Although many parts of Hell are ablaze with fire, Satan himself dwells in a frozen lake of ice -- at least, according to the poet Dante. One of the strange, contradictory aspects of the LOST mythology that deep underground is the location of the Frozen Donkey Wheel. Instead of the normal Earth geophysics of the temperature getting hotter the farther one digs towards the Earth's molten core, the FDW is located in a freezing cold chamber of Ice. Is the aspect of a frozen chamber deep within the Earth's core a reference to Hell's frozen lake or to cold of deep space or both?

There have been biblical references to character names throughout the story line. One which perked up viewers was the mysterious Abaddon. From modern understanding, Abaddon was a person from Hell, and therefore assumed to have evil intentions, part of the Bad Team. The perception of modern Hell is that it is an asylum run by evil demons, cut off from bounty of paradise, because of their transgressions against God. However, in further researching the subject matter, I have found that older spiritual texts stated the following:

Holy angels may also be found in Hell, dealing out punishments, controlling operations and keeping Satan and his minions in check. One such angel is Abaddon, known as the Angel of the Abyss, who keeps the keys of Hell.

This interpretation puts an 180 degree spin on the character of Abaddon. He may have been from the underworld, but he could have been the Warden keeping evil at bay.

We can go off on a few tangents here with this relevation: if Abaddon kept the KEYS to Hell, then he would have controlled its locks. John Locke, for example. If people or their souls are the manifestation of "keys" used to control the underworld, we have seen Abaddon having a keen interest and guidance with Locke. And what if this "key" allows one to open the Island's so-called "Magic Box?"

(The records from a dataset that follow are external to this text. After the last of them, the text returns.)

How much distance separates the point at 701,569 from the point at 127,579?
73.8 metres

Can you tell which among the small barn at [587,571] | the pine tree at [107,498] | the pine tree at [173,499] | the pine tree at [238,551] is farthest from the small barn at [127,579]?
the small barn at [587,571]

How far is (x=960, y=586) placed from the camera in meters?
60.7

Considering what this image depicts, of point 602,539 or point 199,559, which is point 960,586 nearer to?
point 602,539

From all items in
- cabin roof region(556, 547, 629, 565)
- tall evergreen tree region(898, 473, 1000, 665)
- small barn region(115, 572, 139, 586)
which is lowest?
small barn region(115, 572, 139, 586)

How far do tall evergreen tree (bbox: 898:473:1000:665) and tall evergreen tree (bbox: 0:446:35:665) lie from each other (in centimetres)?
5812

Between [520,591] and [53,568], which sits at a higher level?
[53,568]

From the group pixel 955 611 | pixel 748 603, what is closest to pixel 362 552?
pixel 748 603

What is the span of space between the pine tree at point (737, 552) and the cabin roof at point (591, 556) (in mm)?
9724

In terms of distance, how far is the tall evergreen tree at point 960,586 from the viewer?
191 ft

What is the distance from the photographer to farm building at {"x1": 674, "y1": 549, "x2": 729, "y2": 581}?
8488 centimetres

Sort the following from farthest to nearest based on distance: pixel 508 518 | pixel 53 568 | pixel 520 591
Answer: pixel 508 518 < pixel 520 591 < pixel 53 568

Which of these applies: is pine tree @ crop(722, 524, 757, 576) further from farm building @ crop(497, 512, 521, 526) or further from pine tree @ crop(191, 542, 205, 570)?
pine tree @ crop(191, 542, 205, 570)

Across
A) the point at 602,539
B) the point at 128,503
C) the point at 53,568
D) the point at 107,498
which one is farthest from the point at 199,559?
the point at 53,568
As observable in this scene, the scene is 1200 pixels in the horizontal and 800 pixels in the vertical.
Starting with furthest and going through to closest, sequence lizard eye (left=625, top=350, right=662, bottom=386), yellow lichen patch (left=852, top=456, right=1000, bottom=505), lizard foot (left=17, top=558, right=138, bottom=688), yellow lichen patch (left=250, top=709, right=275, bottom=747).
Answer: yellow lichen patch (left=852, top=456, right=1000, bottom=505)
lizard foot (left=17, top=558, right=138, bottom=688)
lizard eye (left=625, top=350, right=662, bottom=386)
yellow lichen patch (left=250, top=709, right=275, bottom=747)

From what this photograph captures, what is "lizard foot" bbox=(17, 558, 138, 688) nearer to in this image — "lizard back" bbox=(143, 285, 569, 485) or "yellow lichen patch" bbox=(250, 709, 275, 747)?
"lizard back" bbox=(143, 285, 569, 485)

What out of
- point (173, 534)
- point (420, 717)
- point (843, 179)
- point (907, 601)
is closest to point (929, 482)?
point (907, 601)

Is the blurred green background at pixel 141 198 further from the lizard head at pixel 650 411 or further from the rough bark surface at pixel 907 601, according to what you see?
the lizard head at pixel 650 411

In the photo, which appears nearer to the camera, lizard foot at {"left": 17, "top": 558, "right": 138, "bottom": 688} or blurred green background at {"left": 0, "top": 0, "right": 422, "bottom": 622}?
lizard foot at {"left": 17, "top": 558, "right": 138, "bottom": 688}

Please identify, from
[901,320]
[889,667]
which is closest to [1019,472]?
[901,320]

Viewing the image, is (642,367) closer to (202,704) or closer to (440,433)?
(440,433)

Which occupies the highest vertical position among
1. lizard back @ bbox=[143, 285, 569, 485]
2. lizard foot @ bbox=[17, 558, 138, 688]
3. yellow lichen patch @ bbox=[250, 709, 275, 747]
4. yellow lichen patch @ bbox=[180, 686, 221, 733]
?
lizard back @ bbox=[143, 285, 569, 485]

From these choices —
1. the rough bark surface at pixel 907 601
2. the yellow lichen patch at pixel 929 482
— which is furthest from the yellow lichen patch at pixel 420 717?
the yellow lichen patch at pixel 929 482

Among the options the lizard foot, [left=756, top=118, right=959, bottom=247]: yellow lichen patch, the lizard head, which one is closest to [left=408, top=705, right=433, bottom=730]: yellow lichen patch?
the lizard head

The Warning Message HE ESCAPES PLACE OF DEATH only occurred when the Numbers were not typed into the computer every 108 minutes. We have been told that the Numbers were used as a code to vent a build up of electromagnetic pressure. (Why this task had to have a human input rather than computer automatic control is a later discussion point.) If true, we get an analogy that the Hatch was like a cover on a pressure cooker. The collective evil spiritual force pressure continually attacks or presses against the control gate keeping demons at bay. If the pressure is not released in a controlled fashion, the gate would be breached and Satan (or his minions) would escape Hell. Desmond's fail safe key would have been the last resort to implode the Hatch to seal this gate permanently.

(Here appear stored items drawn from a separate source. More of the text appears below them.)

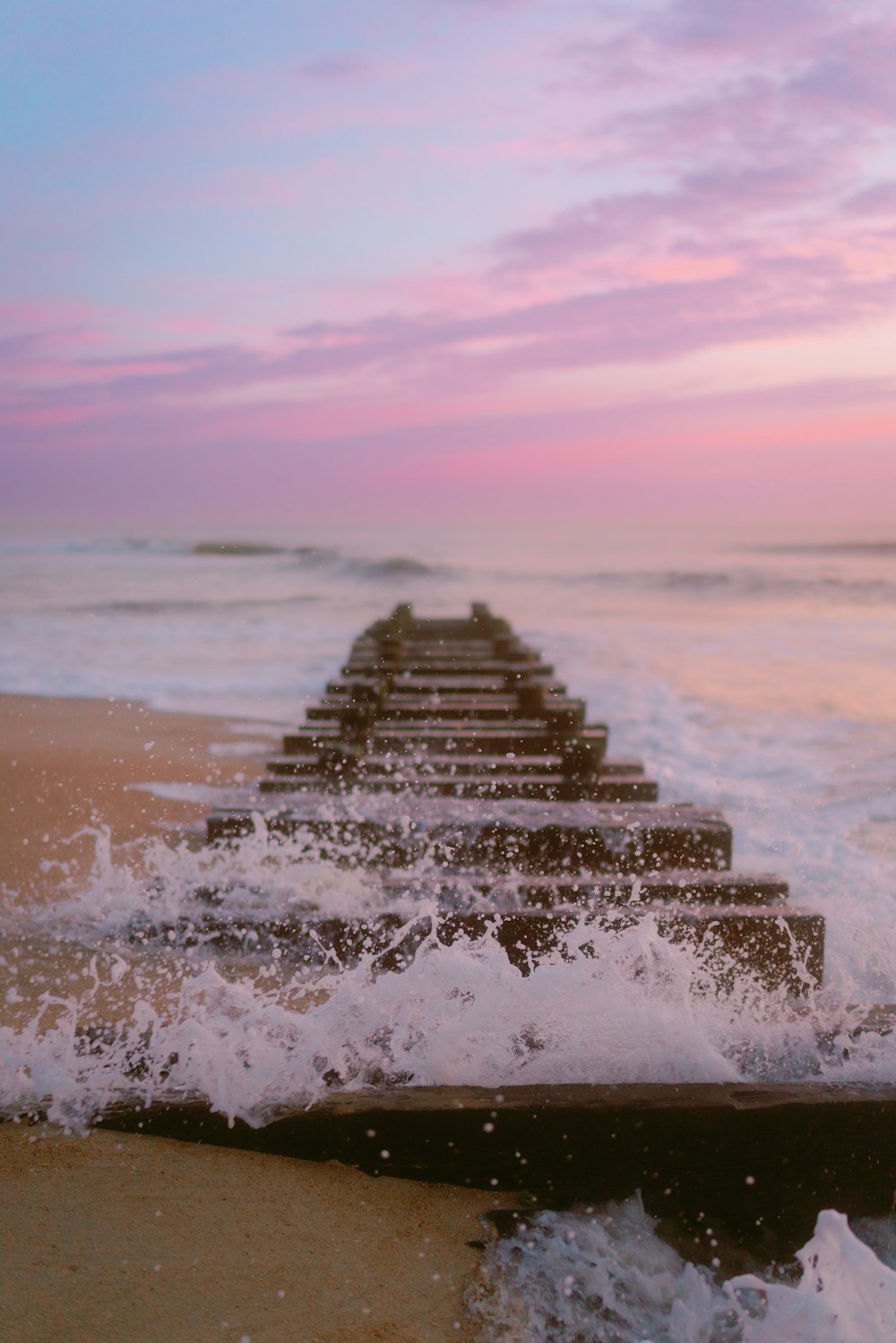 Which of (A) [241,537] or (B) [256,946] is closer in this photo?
(B) [256,946]

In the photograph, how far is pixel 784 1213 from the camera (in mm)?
2215

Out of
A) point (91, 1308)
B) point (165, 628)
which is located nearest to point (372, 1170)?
point (91, 1308)

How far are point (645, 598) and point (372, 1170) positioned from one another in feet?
103

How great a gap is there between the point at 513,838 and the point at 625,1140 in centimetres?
179

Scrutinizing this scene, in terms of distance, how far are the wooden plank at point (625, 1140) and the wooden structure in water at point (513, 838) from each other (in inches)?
30.5

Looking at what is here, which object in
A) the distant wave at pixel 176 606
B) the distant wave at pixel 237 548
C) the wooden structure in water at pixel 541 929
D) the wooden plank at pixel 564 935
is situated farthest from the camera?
the distant wave at pixel 237 548

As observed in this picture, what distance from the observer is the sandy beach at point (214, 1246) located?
1859 millimetres

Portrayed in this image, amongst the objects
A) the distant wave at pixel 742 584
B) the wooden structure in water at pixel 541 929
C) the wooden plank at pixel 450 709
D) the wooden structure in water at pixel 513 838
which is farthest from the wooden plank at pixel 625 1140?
the distant wave at pixel 742 584

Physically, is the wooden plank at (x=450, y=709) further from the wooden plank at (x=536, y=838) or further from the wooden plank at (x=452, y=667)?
the wooden plank at (x=536, y=838)

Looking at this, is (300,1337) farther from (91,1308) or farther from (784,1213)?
(784,1213)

The HE is the message is not Smokey. Smokey was described by Rousseau as a "security system." Ben summoned it as an indiscriminate island protector against Widmore's armed men. Smokey had been running around the island before the Hatch warning. In the context of the Hatch security and warning message, Smokey could really be an entity solely designed to seek out escaped demons from Hell, devour or punish them. When Smokey scanned Juliet in the jungle, it could be that it was determining whether Juliet (or her soul) was good or evil. If good, Smokey left her alone. In the case of Eko, Smokey confronted him and Eko showed no remorse for his evil past and therefore was punished. (I once remarked after the Jughead episode that Smokey may be a kin to Godzilla, a radioactive being protecting the island in a good and evil sense.)